The Arab population living in the Naqab numbers around 156,400, comprising approximately 28% of the region’s population. About half of this population lives in dozens of unrecognized villages, which suffer from a lack of basic services, including water, electricity, and health and educational facilities. The inhabited area on which the unrecognized villages in the Beer el-Sabe district stand is estimated at approximately 306,000 dunams. One of the proposals in the metropolitan plan aimed at resolving the issue of Arab Bedouin settlement in the unrecognized villages is to designate “a combined agricultural rural landscape area” or “search area”, i.e. an area in which solutions to settlement-related issues are sought. However, the dimensions of this area are limited: the plan removes the overwhelming majority of the unrecognized villages and includes only about 28% of the lands on which the population of the unrecognized villages currently lives, according to an expert opinion by Dr. Yosef Jabareen, a senior lecturer at the Technion, which was submitted with the objection.
Citing the same expert opinion the objection also argues that this “search area” – due to its limitations and developmental constraints, regarding national infrastructure systems, green areas, industrial zones and other environmental constraints, etc. – is in effect a fictitious area that does not provide a real solution for finding solutions for Arab Bedouin settlement in the Naqab. The existing limitations in the “search area” do not allow for the establishment or even the recognition of most of the unrecognized villages located within its boundaries.

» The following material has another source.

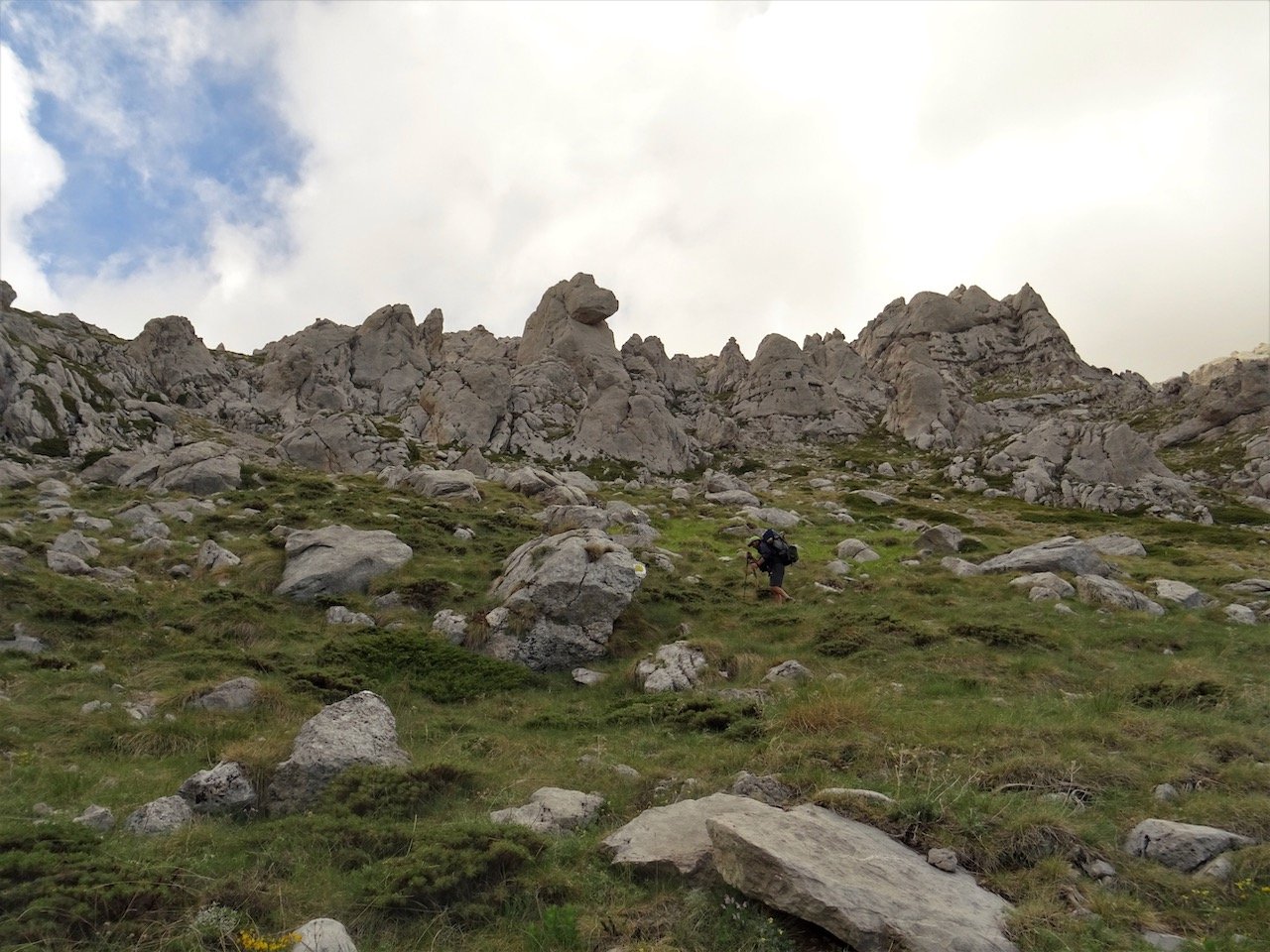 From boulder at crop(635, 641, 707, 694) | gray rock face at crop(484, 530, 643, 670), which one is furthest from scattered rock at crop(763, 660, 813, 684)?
gray rock face at crop(484, 530, 643, 670)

Thus, despite the declared intentions of promoting the development of unrecognized villages in the Naqab, the plan for metropolitan Beer el-Sabe perpetuates their problem by ignoring the existence of these villages and the rights and spatial and culture needs of the indigenous Arab Bedouin population in the area. At the same time, the state and its institutions are establishing new communities for Jewish citizens, some adjacent to unrecognized villages or in place of them. In this way, the plan increases the spatial and social disparities between Arab and Jewish citizens in the Naqab.

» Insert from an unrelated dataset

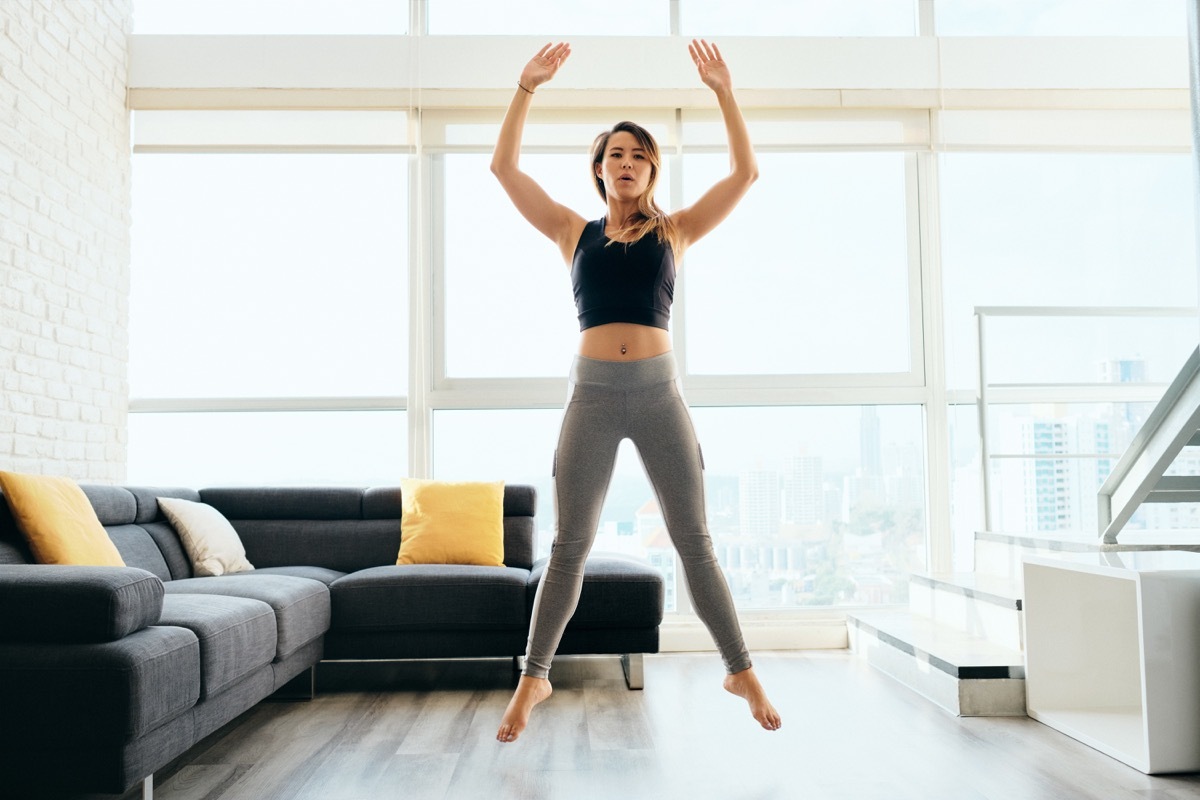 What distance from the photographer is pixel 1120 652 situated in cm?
277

The plan even approves various designated uses, including housing, for the lands on which unrecognized villages are located, but not for the Arab population. In other words, it regards the area as an empty space, as if tens of thousands of Arab residents had not been living there for many decades.
The objection further argues that the plan does not facilitate just and equal economic development, and that it would lead to the continuation of and even a deterioration of the difficult economic and social situation of the Arab Bedouin population and the widening of existing disparities between it and the Jewish population in the Naqab. The objection also contends that, in light of the difficult social and economic situation of Arab citizens in the Naqab and the gaping economic disparities between the Jews and Arabs in the area, “The plan ought to have invested a greater effort in formulating a special economic plan for the Arab Bedouin in the south, taking into account their social, economic and cultural characteristics. It should have drafted a special, creative, different and just plan that incorporated these characteristics and facilitated proper and real economic development.”
In light of the above, Adalah demanded that the plan be rejected and sent for redrafting. The redrafted plan should adhere to the principles of public participation in planning, equality, reasonableness, proportionality, transparency, fair representation and compliance with legal directives. Moreover, it should strive to find a suitable and accepted solution for the unrecognized villages in Naqab.